Critique
Bullet to the Head : une bulle dans la tête
Aleksi K. Lepage
Célébrons, sans tambour ni trompette, le retour de Walter Hill, qui n'est pas précisément un jeune premier. C'est plutôt un vieux de la vieille, un routier qui connaît bien les rouages et les ressorts du cinéma d'action viril et un peu épais. On lui doit, entre autres, The Warriors (1979), 48 Hrs. (1982), Streets of Fire (1984) et le très discutable Red Heat (1988). Hill a aussi écrit les scénarios d'Alien, Alien 3, produit Alien, Prometheus et autres films agités dans lesquels les personnages ne passent pas leur temps à jaser de leur ambivalence sexuelle. Walter est un peu le beau-frère spirituel de John Milius (Conan the Barbarian, Red Dawn), un spécialiste des films de gars.
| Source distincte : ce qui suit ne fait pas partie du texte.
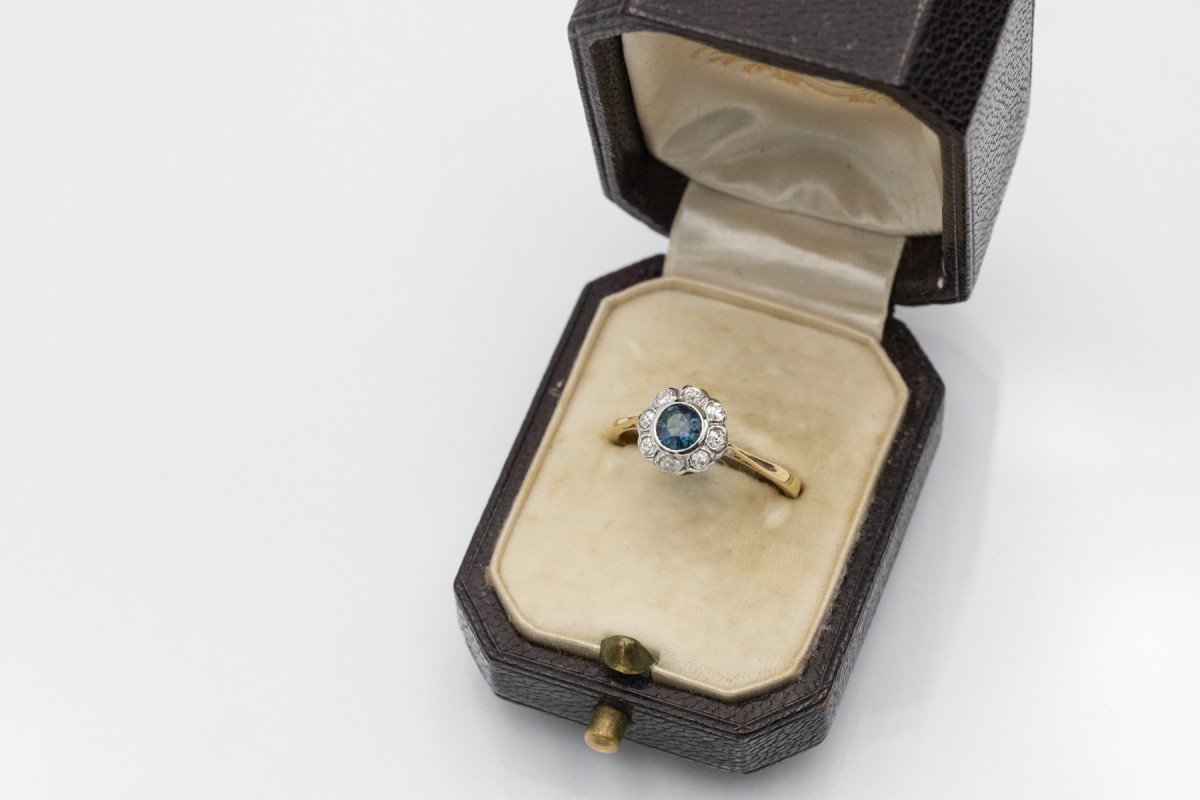Bague en or ornée d'un saphir et de diamants, d'une belle marguerite, seconde moitié du XXe siè-photo-3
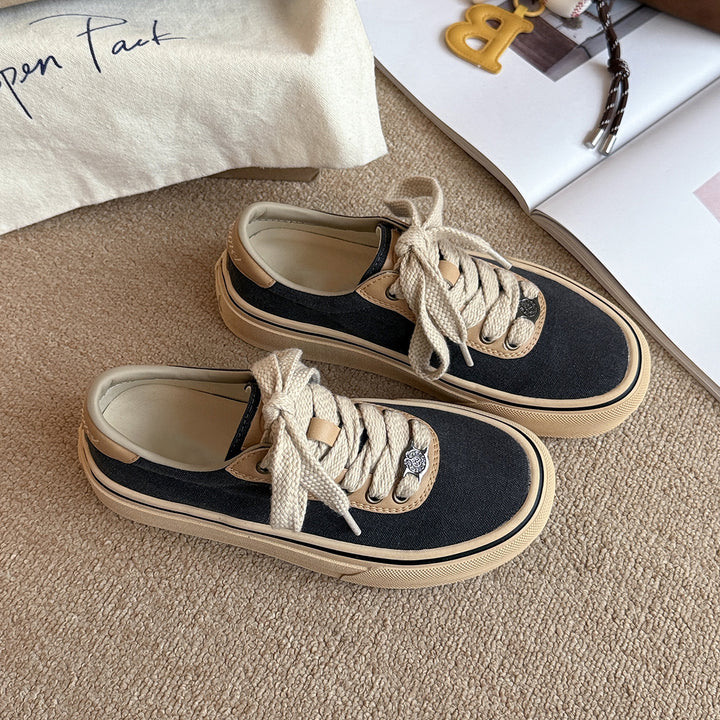 Femme Casual Canvas Sneakers med strukturerede detaljer Stilla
Bullet to the Head, adapté d'une bande dessinée d'Alexis Nolent (Du plomb dans la tête) et dans lequel Walter Hill essaie, plutôt péniblement, de faire du Tarantino, se présente comme un polar violent, sombre et profondément macho. Stallone y incarne un tueur à gages vieillissant et fatigué, entiché d'un jeune policier coréen (Sung Kang) venu expressément de Washington jusqu'en Louisiane. À peu près tout les oppose, mais ils feront quand même équipe, puisqu'ils ont des comptes communs à régler avec les mêmes ennemis, des gens de la pègre (Christian Slater en particulier).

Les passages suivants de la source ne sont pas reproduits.